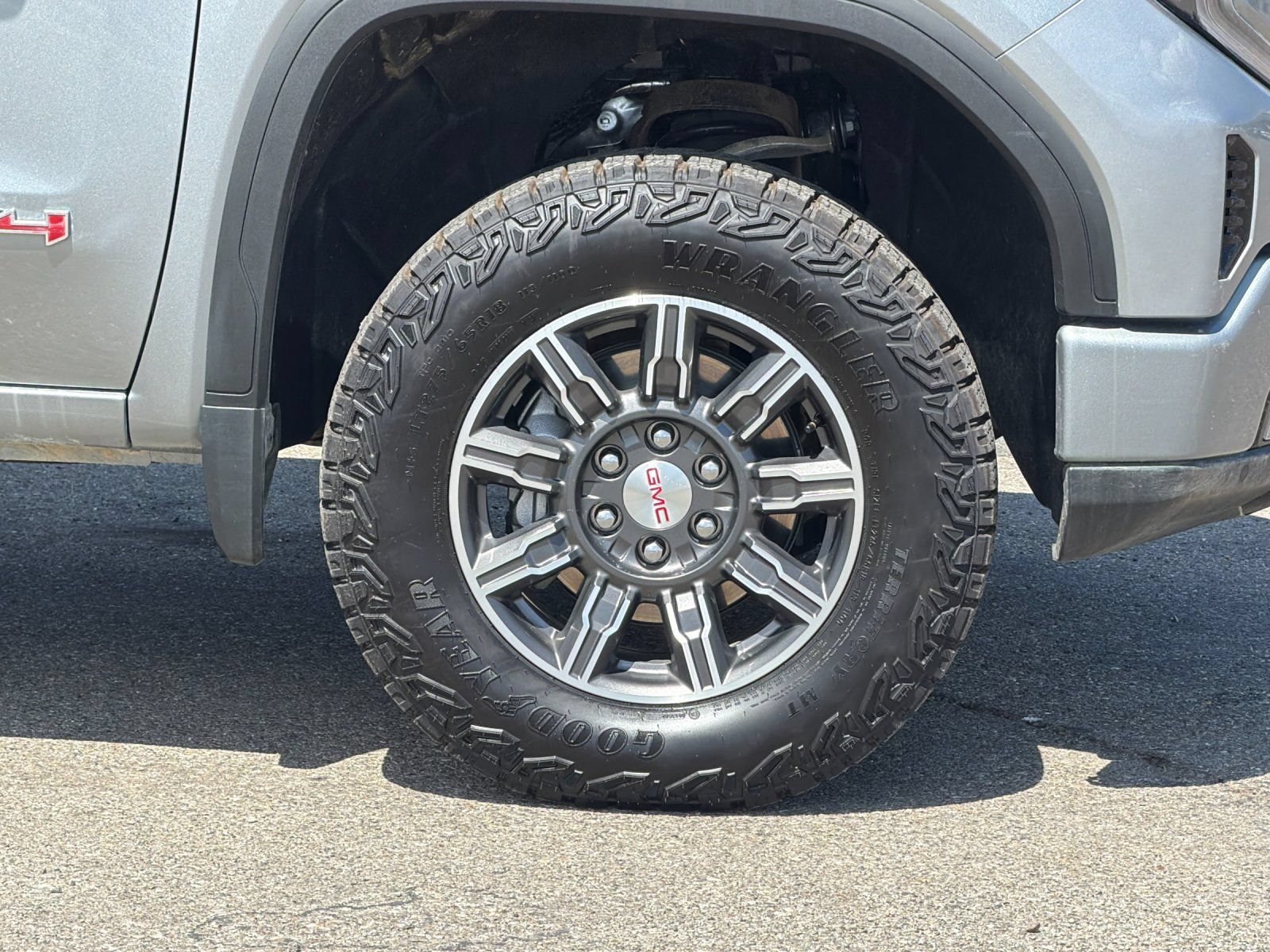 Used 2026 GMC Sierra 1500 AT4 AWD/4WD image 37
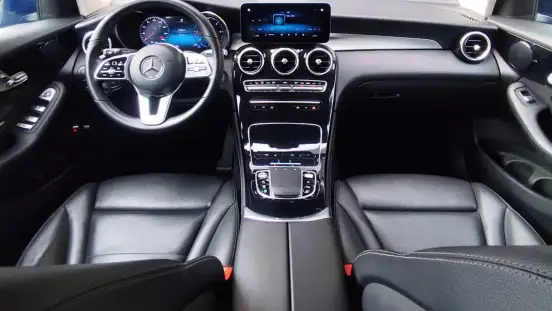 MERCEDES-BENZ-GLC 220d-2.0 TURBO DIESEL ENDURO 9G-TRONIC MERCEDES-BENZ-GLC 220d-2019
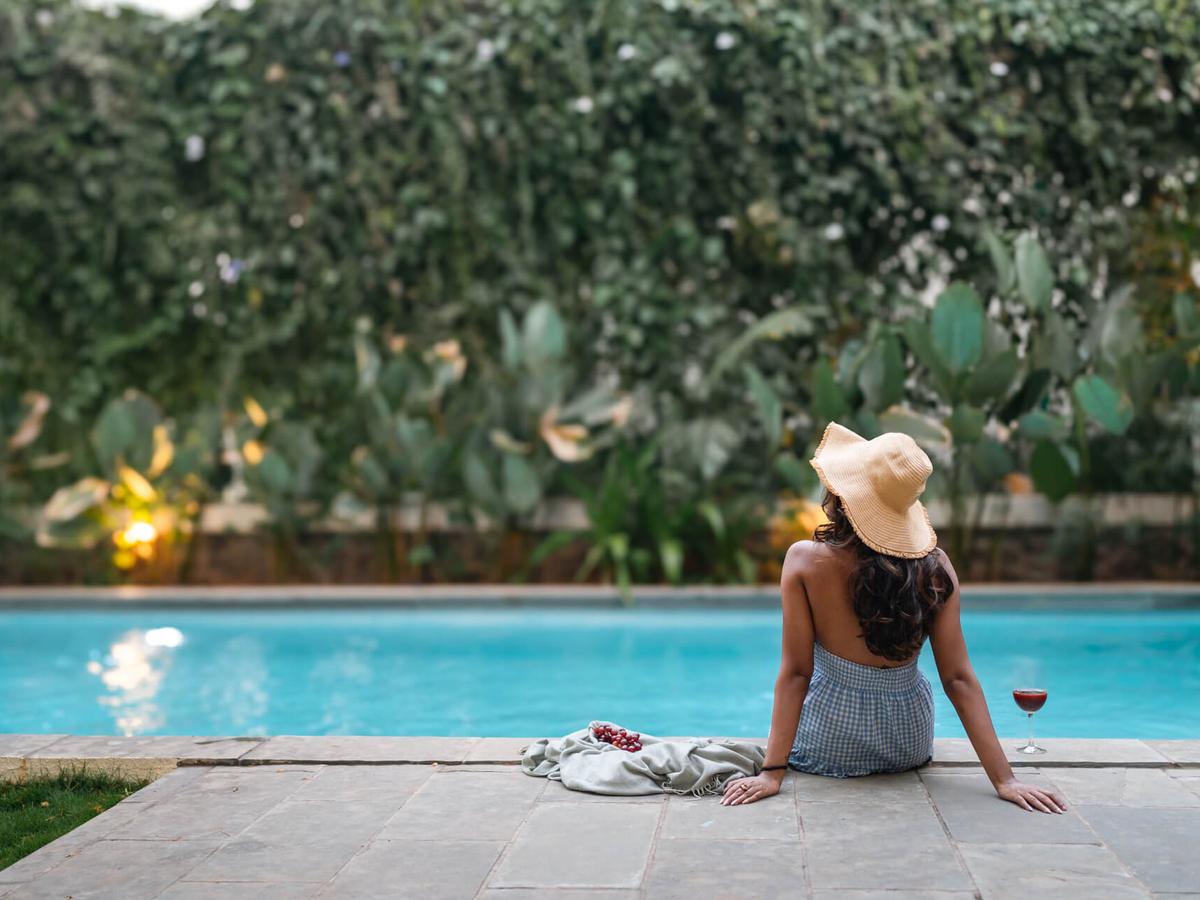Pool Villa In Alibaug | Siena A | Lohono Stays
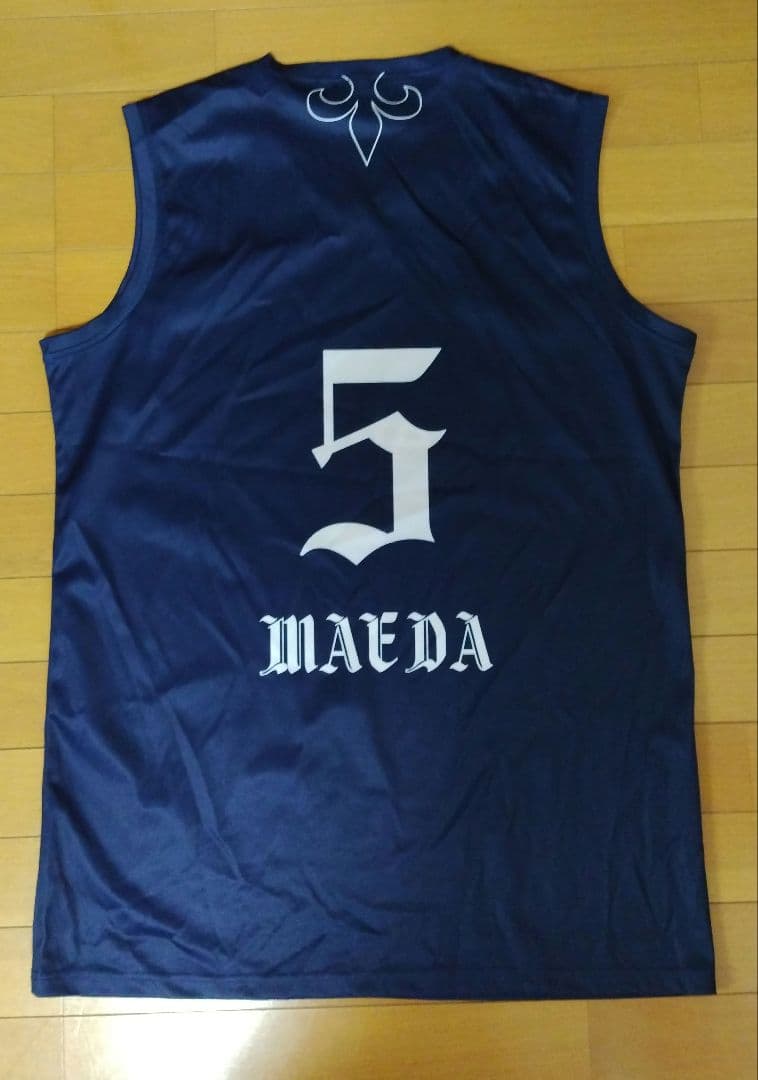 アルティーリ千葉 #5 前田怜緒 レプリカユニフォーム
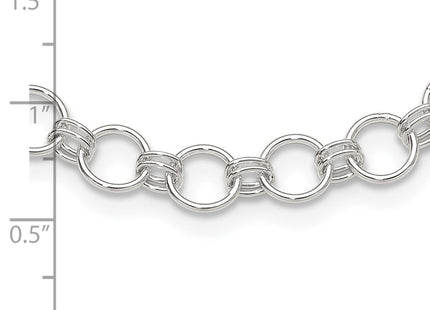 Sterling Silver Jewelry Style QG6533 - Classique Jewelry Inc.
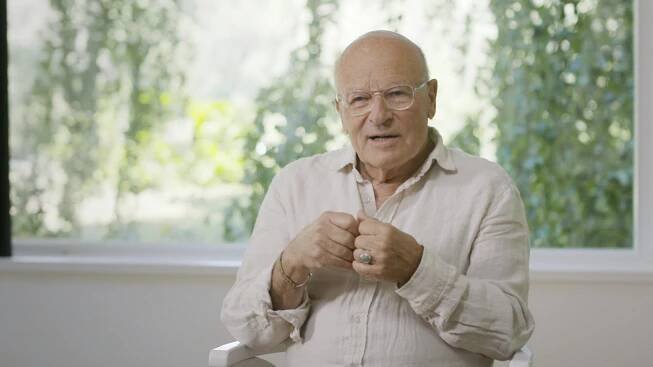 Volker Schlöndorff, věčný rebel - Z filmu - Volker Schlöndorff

━━━━━━━━━━━━━━━━

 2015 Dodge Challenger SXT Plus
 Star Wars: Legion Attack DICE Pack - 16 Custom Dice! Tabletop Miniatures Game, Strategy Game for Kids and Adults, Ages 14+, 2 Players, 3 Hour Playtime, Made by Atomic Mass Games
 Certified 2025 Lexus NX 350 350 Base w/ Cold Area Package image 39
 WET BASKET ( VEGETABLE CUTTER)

━━━━━━━━━━━━━━━━

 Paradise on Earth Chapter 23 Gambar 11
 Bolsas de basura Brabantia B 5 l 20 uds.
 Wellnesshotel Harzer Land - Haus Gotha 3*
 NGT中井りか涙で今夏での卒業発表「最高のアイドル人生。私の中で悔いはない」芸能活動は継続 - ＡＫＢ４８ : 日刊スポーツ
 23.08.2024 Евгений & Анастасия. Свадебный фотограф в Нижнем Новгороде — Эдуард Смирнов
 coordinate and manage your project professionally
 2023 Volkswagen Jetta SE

━━━━━━━━━━━━━━━━

* _What the task requires_: Both the line containing "Used 2026 GMC" and the line containing "Volker Schlöndorff, věčný" above belong in the output, as do the lines between them. Print them exactly, without pictures.

* _Response box_:
 Used 2026 GMC Sierra 1500 AT4 AWD/4WD image 37
 MERCEDES-BENZ-GLC 220d-2.0 TURBO DIESEL ENDURO 9G-TRONIC MERCEDES-BENZ-GLC 220d-2019
Pool Villa In Alibaug | Siena A | Lohono Stays
 アルティーリ千葉 #5 前田怜緒 レプリカユニフォーム
 Sterling Silver Jewelry Style QG6533 - Classique Jewelry Inc.
 Volker Schlöndorff, věčný rebel - Z filmu - Volker Schlöndorff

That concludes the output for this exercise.